**What to do:** The lines to extract begin at the one containing "Lipsy Γυναικείο φόρεμα" and run to the end of the listing; set them down exactly and alone.
╔══
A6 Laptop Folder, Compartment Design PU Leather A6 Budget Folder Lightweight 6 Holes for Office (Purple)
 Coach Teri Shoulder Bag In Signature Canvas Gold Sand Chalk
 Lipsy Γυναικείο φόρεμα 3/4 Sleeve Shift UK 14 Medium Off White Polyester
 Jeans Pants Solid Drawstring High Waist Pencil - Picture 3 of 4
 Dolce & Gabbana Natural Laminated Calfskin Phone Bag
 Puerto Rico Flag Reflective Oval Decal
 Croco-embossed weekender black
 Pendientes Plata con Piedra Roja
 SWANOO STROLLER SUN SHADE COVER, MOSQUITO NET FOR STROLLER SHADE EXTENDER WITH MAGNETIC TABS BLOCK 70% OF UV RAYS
╚══
**Worked solution:**
 Lipsy Γυναικείο φόρεμα 3/4 Sleeve Shift UK 14 Medium Off White Polyester
 Jeans Pants Solid Drawstring High Waist Pencil - Picture 3 of 4
 Dolce & Gabbana Natural Laminated Calfskin Phone Bag
 Puerto Rico Flag Reflective Oval Decal
 Croco-embossed weekender black
 Pendientes Plata con Piedra Roja
 SWANOO STROLLER SUN SHADE COVER, MOSQUITO NET FOR STROLLER SHADE EXTENDER WITH MAGNETIC TABS BLOCK 70% OF UV RAYS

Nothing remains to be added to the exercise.